The war hung on contingencies; there were times when the South indeed could have won and,
furthermore, if there had been a war really pitting North against South, Southerners
definitely would have won.
So the question arises, why did the Confederacy not win? To begin with, came the firing on Fort Sumter. War began when a fort with a pathetically small garrison belonging to the United States of America in Charleston Harbor was ringed by artillery. The South, through its Confederate government, organized in Montgomery, demanded that the fort be turned over to the Confederate States of America, and the United States resisted. Ultimately, President Abraham Lincoln decided that if there would be war, the South would begin that war.
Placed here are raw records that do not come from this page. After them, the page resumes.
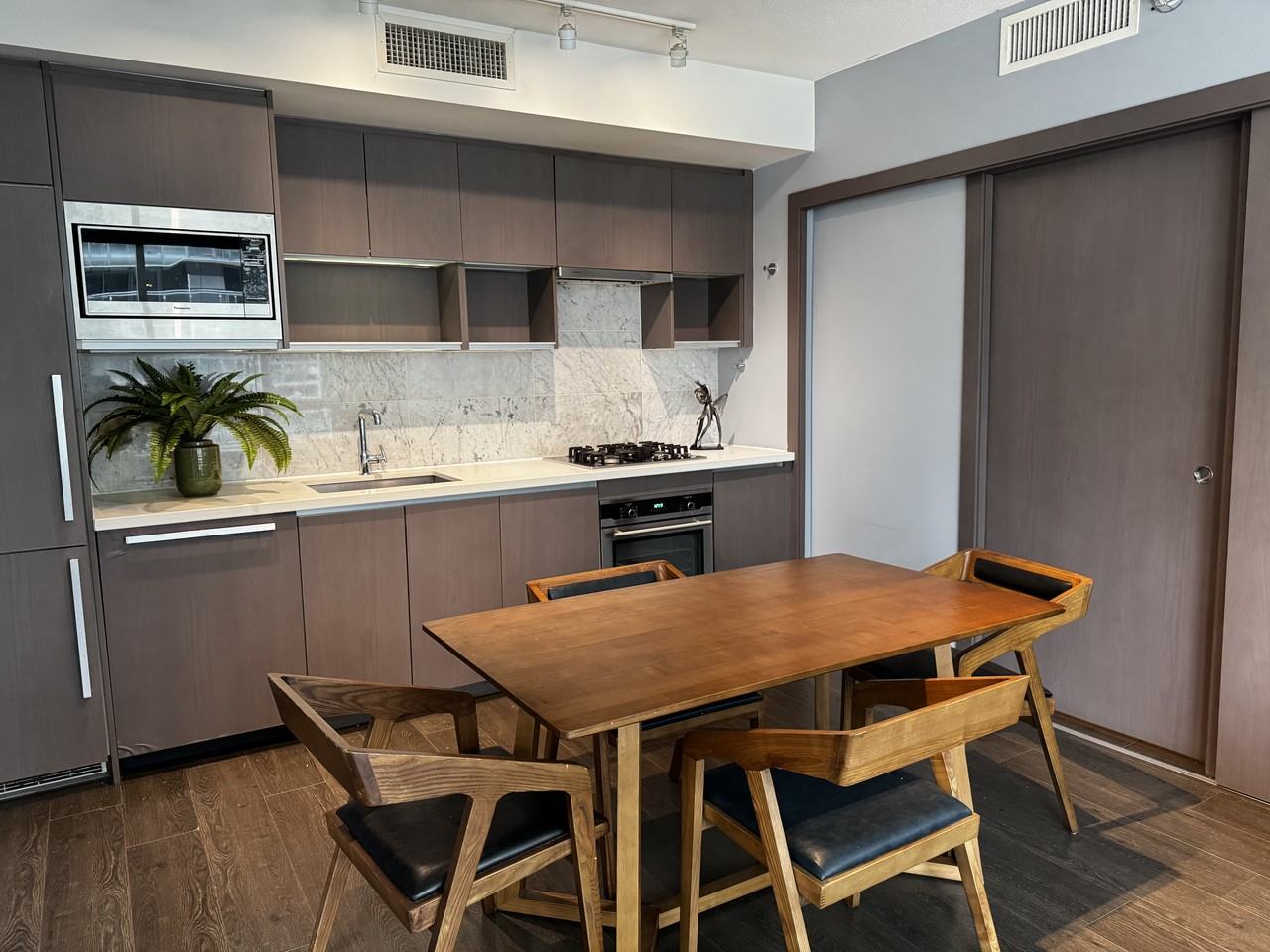 68 Smithe Street #517 - Photo 7 of 23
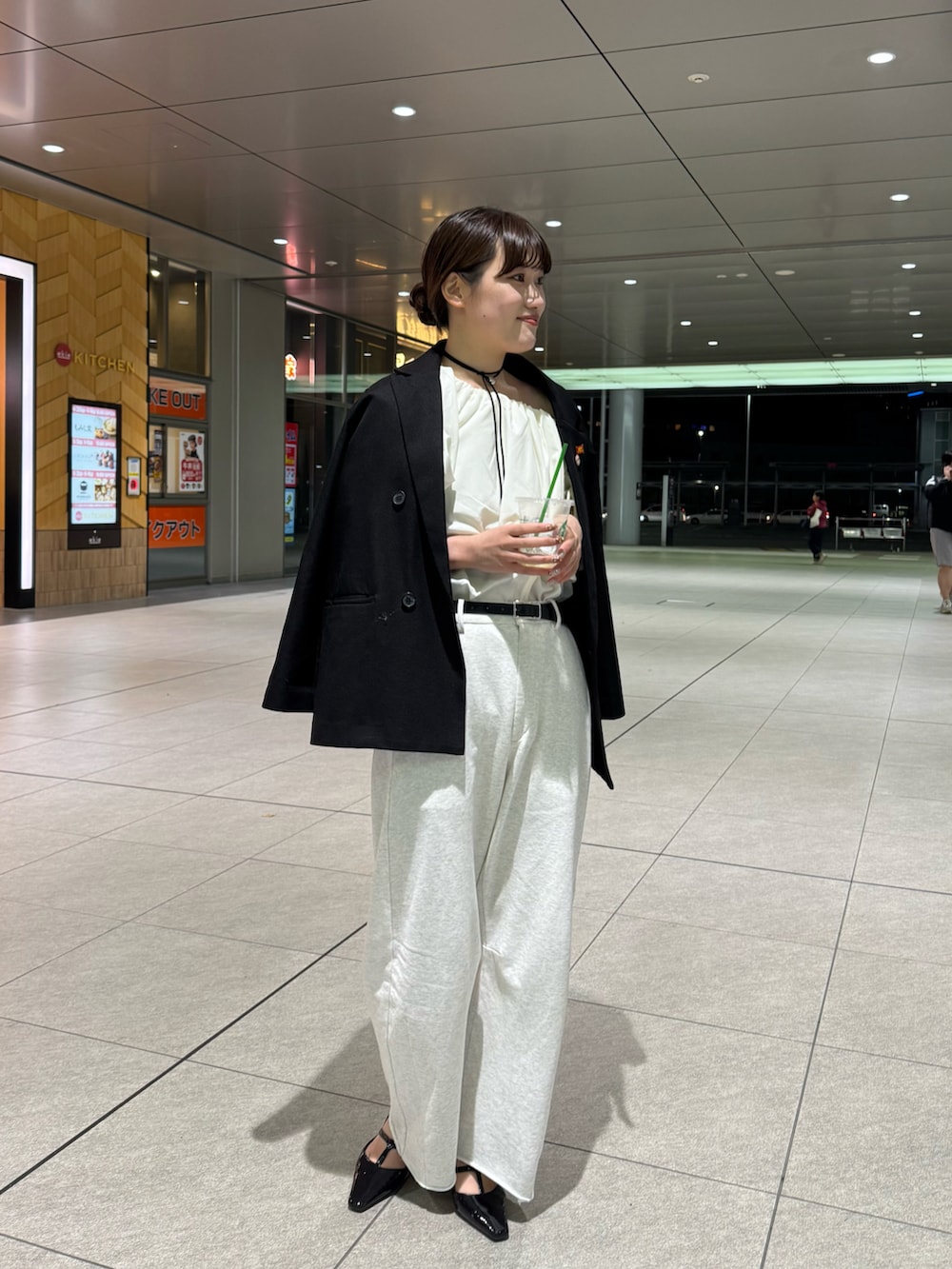 「バルーン、バルーンシルエット、ブラウス、ブラウスコーデ、スウェット、スウェットパンツ、スウェットコーデ、大人カジュアル、きれいめカジュアル、パンプス、モノトーン、モノトーンコーデ、ジャケット、ジャケットスタイル、春コーデ」｜「mysticのバルーンブラウス（シャツ/ブラウス、ホワイト系）」を使った、ayakaさん（レディース・164cm）の春コーディネートの3枚目の写真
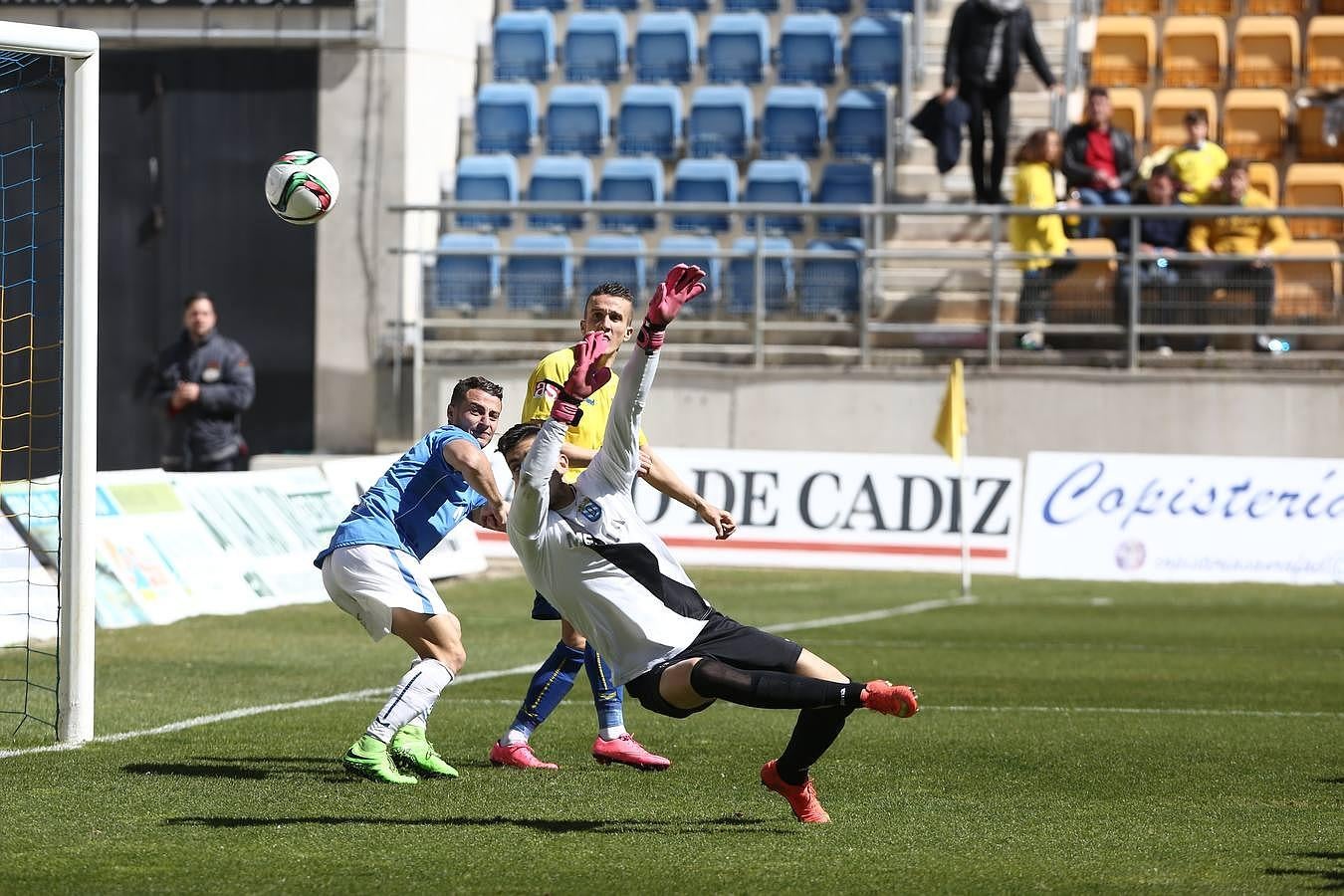 Cádiz C.F. 3 - UD. Melilla 0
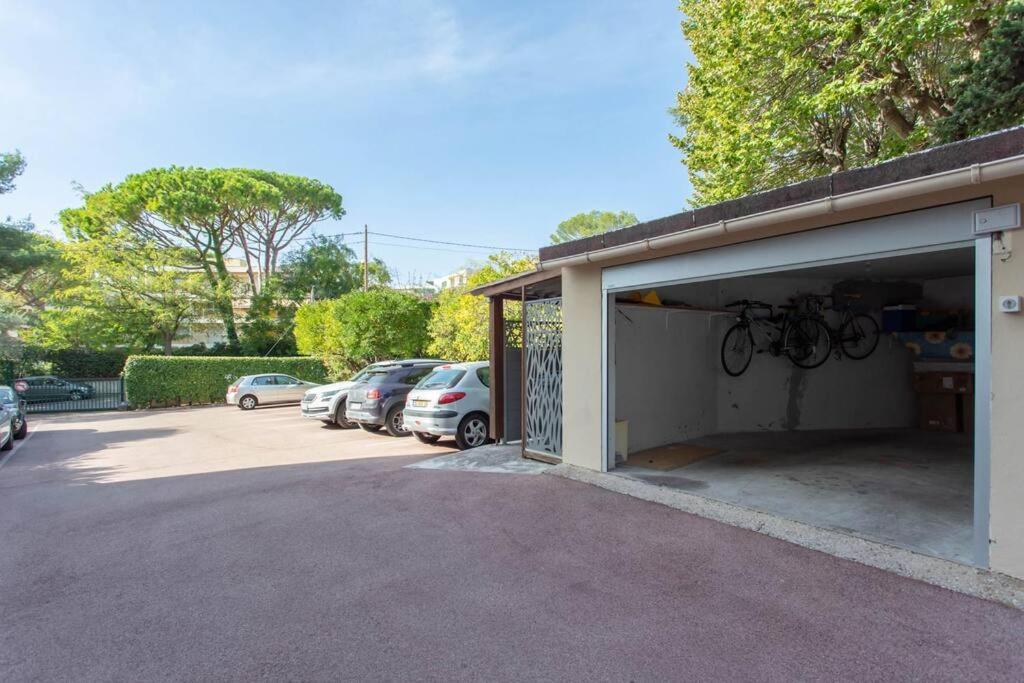 A6- 2 Bdr Incredible Sea View - Ac, Garage & Terrace *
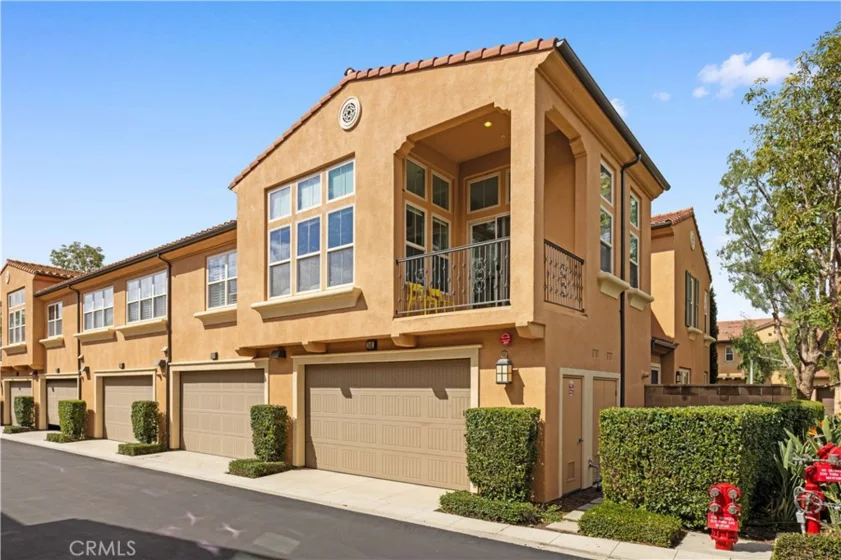 240 Mayfair photo 1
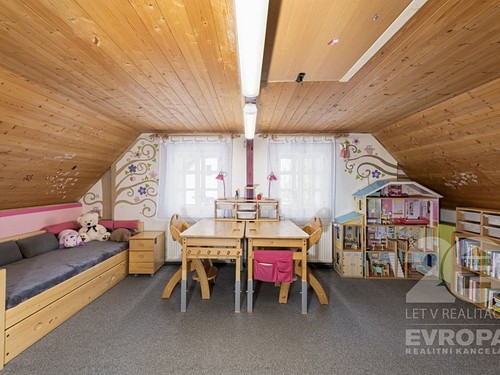 Prodaný dům 200 m², pozemek 1000 m²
Thus he deferred the decision to Jefferson Davis, who was told by Secretary of State Robert Toombs, the brains of the Confederacy, that to fire on Fort Sumter would cost the rebels support all through the region that it had counted upon for the establishment of the Confederate States of America and, furthermore, would unite the North. In an act of rash emotionalism, Jefferson Davis gave permission to fire on Fort Sumter, a small and basically indefensible fort with a weak garrison, but with an American flag flying over it. Confederates pounded it into submission.
What was the effect of this? It meant the war began over the wrong issue. If the war had begun over a controversy involving slavery, which commanded support in the North as well as throughout what we think of as the Confederacy, the South would have united in support of that war. After the firing on Fort Sumter, of eight slaveholding states that remained uncommitted at the time, four went with the South and four remained with the North. Those that remained with the North included Missouri, Kentucky, Maryland, and Delaware. Those were crucial states, especially Kentucky which commanded 700 miles of the Ohio River. "[T]o lose Kentucky," said Lincoln, "is nearly the same as to lose the whole game."1 On another occasion he reportedly said that he wanted to have God on his side but that he had to have Kentucky.2
Kentucky declared itself neutral between North and South, and both sides were willing to violate that neutrality. Which side actually violated it? It was the South. Generals Leonidas Polk and Gideon J. Pillow impulsively violated that neutrality by occupying what they thought were key points along the Mississippi River: Hickman and Columbus, Kentucky.3This gave the North an advantage in Kentucky, allowing General Ulysses S. Grant, an untried commander at Cairo, Illinois, the opportunity to take the vital point of Paducah commanding both the Tennessee and the Cumberland Rivers. In consequence, this was not a war between North and South, it was a war pitting the North, with the entire North virtually united, against a South that was seriously divided. Moving from South Carolina over to the Mississippi Valley, we discover burgeoning unionism even in Mississippi.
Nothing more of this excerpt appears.